Laut einer Alstom-Sprecherin prüfe man derzeit, ob es sich bei der Blockade rein rechtlich um einen „wilden Streik” handelt, also eine nicht von der Gewerkschaft organisierte Arbeitsniederlegung, oder doch um eine „Informationsveranstaltung”. Liegt Ersteres vor, bekommen die Arbeiter wohl Probleme. Eine Nachricht, wo die brisanten Teile verarbeitet werden dürfen, hat die Delegation beim Besuch an Tor 8 nicht im Gepäck. Auch nicht zur Zukunft des Werkes. Wie eine Alstom-Sprecherin dieser Zeitung sagte, werde dem europäischen Betriebsrat „in Kürze ein ehrgeiziges Konzept” vorgestellt.

„Vollstes Verständnis für Sorge”

„Ich habe vollstes Verständnis, dass jeder besorgt ist um seinen Arbeitsplatz”, sagte Personalchef Stramma. „Umgekehrt sind wir ein Unternehmen, das am Ende des Tages Geld verdienen muss.” Daher müsse man die Lieferzeiten einhalten. Zudem seien die Maschinen, auf denen die Bauteile verarbeitet werden sollten, derzeit voll ausgelastet. Um die kalkulierten Kosten nicht zu überschreiten, müsse man extern fertigen. Betriebsrat Lang widerspricht: „Das stimmt nicht. Die Kapazitäten sind da und waren einkalkuliert.”

Alstom

In Mannheim beschäftigen die Franzosen etwa 1800 Mitarbeiter, deutschlandweit knapp 9000. Mannheim ist Teil der Kraftwerkssparte von Alstom. Zweites Standbein ist die Bahnsparte mit dem Hochgeschwindigkeitszug TGV.
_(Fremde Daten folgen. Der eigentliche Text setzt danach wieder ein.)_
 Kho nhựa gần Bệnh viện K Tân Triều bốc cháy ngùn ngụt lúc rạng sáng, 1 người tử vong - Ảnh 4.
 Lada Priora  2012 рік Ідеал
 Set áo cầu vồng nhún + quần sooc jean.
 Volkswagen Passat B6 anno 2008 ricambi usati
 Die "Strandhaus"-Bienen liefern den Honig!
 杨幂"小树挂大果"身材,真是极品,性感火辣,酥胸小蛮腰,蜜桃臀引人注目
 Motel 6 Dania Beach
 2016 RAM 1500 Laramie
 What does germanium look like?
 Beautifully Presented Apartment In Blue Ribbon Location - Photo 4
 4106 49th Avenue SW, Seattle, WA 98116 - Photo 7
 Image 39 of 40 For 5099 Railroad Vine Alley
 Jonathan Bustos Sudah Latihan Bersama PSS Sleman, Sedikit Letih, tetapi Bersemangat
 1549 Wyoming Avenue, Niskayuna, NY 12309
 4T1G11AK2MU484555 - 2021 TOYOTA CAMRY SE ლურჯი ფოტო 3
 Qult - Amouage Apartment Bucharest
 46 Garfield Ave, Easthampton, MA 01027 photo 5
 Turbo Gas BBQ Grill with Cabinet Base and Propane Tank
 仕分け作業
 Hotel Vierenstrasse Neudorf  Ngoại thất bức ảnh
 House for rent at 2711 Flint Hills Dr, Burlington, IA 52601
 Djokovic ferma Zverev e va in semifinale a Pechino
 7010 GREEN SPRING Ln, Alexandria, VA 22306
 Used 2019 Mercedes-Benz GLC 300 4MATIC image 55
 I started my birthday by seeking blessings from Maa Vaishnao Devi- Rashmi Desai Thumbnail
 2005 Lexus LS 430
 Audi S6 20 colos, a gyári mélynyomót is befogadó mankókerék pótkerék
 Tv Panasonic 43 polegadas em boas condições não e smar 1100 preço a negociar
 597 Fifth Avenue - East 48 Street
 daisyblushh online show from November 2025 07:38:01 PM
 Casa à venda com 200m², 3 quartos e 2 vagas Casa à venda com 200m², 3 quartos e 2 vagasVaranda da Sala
Wegen schwacher Geschäfte hat Alstom ein Sparprogramm aufgelegt. Dabei sollen bis 2016 weltweit 1300 Arbeitsplätze abgebaut werden. Damals hieß es, in Mannheim seien keine Jobs gefährdet. mk

Zum Thema: Opfer der Energiewende

Von Michael Roth über die Aktion der Mitarbeiter bei Alstom

Wenn die Arbeiter in der Turbinenfabrik von Alstom in Mannheim um ihre Jobs bangen, dann hat das nicht nur mit der (mäßig erfolgreichen) Strategie und der stets an heimischen Interessen ausgerichteten Standortpolitik des französischen Kraftwerksbauers zu tun. Sondern auch mit der deutschen Energiewende. Die hat dafür gesorgt, dass Wind- und Solarstrom Vorrang vor Strom aus Kohle- und Gaskraftwerken haben. Letztere kommen hierzulande auf zu wenige Betriebsstunden und rechnen sich nicht. Die Folge: Es werden kaum neue Kraftwerke mehr gebaut und bei Alstom in Mannheim fehlen die Aufträge.

Dass Alstom seine Kapazitäten für die Turbinenproduktion in die USA verlagern will, ist nachvollziehbar. Dort gibt es auch eine Energiewende. Hin zu Erdgas, das mittels Fracking günstig gefördert wird. Neue Gaskraftwerke entstehen, und Alstom kann die Turbinen liefern. Die könnten auch aus Mannheim kommen, aber die amerikanische Politik wird schon darauf achten, dass genügend Wertschöpfung aus dem eigenen Land kommt. Und schließlich ist mit General Electric ein großer Wettbewerber präsent, der mit nationaler Produktion punkten kann.

So gesehen sollte sich das Alstom-Management schleunigst überlegen, wie die Zukunft des Mannheimer Standorts aussehen soll. Aber auch hier muss man Zweifel haben. Die Franzosen dürften in erster Linie an ihr Stammwerk in Belfort denken - zuerst muss wohl Mannheim Opfer bringen. Dagegen protestieren die Mitarbeiter zurecht.